Greg, I would like to talk to you more about your sewed circumflex. Please email me at cha7360@yahoo.com
Thank you.

Marianne Plenn says on September 3rd, 2015 at 2:07 pm

Hi everyone! My name is Marianne and I am 67 years old. I received bioprosthetic aortic valve Nov. 27, 2012. Like so many of you I was put on amiodorone and metropolol immediately after surgery. Though I don’t remember having Supraventricular tachycardia except for a few days prior to the surgery which was treated with diltiazem, my cardiologist said I probably had been experiencing it but did not feel it. As part of the post op plan, I discontinued taking amiodorone but continued with the metropolol. I hoped to stop the metropolol as well but unfortunately I began to feel the SVT events more frequently as time went on. One event in particular occurred about 9 months after surgery (heart rate around 135 bpm) lasted for several hours and I went to the ER where adenosine was administered intravenously. My heart was “rebooted”. An interesting experience but not one I would want to repeat any time soon. My cardiologist changed my medication to diltiazem and that seems to works well most of the time. What really helps is regular exercise (walking, yoga, ballet), a good healthy diet (staying away from red wine, but I do cheat every once in a while), stay as stress free as possible and of course get a good night’s rest. I also take my vitamins…B Complex in particular which has really seemed to help in the energy department. I wish you all lots of happiness and good health!
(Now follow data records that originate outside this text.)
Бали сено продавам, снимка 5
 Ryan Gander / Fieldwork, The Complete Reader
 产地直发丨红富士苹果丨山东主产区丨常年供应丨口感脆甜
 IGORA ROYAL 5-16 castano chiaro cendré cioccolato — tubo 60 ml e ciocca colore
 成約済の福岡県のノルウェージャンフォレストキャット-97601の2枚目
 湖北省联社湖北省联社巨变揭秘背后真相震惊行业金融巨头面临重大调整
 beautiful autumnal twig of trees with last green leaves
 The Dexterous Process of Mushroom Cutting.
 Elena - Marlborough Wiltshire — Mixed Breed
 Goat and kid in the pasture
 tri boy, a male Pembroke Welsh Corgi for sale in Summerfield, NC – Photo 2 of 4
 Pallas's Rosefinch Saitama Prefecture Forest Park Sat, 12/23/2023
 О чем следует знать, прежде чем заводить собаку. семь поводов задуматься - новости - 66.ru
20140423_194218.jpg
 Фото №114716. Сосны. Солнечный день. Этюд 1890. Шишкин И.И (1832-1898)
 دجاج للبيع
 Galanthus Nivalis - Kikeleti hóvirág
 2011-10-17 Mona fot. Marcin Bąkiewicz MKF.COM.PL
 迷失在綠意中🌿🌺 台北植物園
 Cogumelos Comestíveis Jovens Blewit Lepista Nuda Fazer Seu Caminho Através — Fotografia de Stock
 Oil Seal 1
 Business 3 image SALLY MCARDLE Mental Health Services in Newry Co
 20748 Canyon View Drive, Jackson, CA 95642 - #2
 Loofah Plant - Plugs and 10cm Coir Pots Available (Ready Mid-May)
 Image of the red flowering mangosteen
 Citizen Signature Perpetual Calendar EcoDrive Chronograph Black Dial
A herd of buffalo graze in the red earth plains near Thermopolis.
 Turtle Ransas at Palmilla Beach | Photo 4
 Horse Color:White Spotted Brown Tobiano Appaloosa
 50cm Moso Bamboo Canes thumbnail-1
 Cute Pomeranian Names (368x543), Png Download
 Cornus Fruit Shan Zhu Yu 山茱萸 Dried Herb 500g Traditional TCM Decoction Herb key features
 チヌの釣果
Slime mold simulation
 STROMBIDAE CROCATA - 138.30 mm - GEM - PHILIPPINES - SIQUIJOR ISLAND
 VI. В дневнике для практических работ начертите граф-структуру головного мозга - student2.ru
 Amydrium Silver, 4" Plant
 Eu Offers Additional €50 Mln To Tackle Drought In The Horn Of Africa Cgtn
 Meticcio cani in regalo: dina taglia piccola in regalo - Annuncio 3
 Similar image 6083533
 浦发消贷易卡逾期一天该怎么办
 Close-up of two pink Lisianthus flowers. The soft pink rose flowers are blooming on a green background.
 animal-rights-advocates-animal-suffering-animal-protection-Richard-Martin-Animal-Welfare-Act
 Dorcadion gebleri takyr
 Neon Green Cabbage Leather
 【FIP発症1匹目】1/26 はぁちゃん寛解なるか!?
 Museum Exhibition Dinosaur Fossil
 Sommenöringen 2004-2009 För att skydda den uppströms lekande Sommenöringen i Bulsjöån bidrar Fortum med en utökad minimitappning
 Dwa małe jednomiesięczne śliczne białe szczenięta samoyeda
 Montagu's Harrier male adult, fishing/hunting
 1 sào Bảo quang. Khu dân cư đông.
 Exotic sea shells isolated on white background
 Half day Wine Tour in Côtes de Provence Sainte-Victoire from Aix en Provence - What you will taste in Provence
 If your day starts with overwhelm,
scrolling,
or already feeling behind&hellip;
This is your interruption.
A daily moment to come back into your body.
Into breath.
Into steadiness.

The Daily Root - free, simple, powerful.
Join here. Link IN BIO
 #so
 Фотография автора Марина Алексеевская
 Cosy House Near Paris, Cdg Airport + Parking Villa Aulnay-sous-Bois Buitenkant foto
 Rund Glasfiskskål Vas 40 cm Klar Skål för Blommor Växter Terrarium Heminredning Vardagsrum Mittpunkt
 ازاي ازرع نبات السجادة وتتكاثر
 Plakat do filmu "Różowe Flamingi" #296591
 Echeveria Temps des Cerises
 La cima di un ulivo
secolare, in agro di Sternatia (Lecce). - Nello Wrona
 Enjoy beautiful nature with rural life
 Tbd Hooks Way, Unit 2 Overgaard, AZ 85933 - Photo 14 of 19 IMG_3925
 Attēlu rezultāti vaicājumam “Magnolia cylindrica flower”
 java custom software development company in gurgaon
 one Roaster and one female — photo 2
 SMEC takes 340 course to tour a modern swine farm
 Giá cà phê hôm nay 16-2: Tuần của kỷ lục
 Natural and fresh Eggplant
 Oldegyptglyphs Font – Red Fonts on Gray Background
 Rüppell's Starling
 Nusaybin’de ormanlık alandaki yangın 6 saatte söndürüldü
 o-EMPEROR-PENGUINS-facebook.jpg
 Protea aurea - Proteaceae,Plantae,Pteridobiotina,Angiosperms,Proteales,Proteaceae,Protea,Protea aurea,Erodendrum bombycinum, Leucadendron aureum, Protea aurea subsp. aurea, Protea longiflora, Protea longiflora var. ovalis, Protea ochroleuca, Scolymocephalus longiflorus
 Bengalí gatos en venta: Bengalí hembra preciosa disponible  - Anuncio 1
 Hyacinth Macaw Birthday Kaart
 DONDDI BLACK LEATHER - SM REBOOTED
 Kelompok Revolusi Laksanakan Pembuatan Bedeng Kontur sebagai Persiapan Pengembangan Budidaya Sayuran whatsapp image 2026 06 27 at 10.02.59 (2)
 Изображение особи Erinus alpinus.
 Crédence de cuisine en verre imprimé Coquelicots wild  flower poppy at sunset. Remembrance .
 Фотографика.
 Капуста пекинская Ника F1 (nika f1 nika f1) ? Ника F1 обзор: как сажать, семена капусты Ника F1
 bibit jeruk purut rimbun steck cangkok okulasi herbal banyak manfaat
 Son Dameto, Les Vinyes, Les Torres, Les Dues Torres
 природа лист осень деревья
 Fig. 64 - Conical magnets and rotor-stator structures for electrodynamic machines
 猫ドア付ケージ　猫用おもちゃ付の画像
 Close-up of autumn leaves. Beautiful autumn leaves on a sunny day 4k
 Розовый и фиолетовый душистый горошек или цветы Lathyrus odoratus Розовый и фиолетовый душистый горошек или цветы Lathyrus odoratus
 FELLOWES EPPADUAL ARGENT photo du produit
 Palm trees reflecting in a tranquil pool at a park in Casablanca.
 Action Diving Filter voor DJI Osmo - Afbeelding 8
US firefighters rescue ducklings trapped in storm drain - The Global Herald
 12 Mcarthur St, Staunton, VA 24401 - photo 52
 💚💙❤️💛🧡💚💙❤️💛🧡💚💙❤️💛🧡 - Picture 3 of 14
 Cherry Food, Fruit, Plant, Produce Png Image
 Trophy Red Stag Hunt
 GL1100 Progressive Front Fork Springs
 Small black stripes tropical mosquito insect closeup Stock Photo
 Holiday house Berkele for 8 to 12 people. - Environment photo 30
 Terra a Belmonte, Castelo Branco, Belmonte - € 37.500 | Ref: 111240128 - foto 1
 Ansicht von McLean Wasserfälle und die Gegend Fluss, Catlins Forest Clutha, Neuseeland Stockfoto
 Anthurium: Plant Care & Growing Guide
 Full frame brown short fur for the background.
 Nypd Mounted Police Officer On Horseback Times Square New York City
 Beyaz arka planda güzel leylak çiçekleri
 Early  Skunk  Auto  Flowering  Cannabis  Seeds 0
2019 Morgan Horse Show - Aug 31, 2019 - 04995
Tom Breznau says on May 13th, 2016 at 7:55 am

My name is Tom I am 69 and I had my congenitally defective aortic valve replaced 11 years ago. Last year I was having problems and it was finally determined my valve needed replacement again. Both times I went to the Cleveland Clinic. Surgery went well with a bioprosthetic valve and soon I was walking 1-4 miles many times a week hoping to get back to racket ball soon. At my local 1 month check-up I was fine but still experiencing shortness of breath. I started cardiac rehab but was soon referred back to local cardiologist for flutters during rehab. He doubled my BP meds to 25mg of atenolol twice a day instead of once. Back at rehab same flutterings. Went back to Cleveland Clinic to see a specialist and spent 4 days in hospital being monitored with use of new med sotalol. Seemed to go well and I passed stress test on last day and went home. I should mention I cannot tell when I am fluttering. Back to rehab, same fluttering. So now I am still on sotalol 2 times a day no rehab, no caffeine very low salt and I am to keep my heart rate below 100. Just got the clearance to have an ablation at C. C. in a month and I hope I can get back to normal from my 12-14 surgery.

Blanche Watkins says on July 24th, 2017 at 10:34 pm

my mom had tvar 6 hrs ago had run of v tach and was cardivertered back to Sr what would cause this

KB says on June 28th, 2018 at 9:23 pm

My husband has his heart valves replaced by mechanical valves (aitrial and mitral) with mechanical valves in March 2018. He developed V-tac 3 months post-surgery and had an ICD implanted. 4 days after ICD placed, he developed a pocket infection, had to have the ICD removed and a week later smoother ICD was plants in the other side of his chest. It’s been about 2 weeks and so far so good. He still has a wound vac in, where the first ICD was. I’m praying that this is the last of surgeries for a long time to come!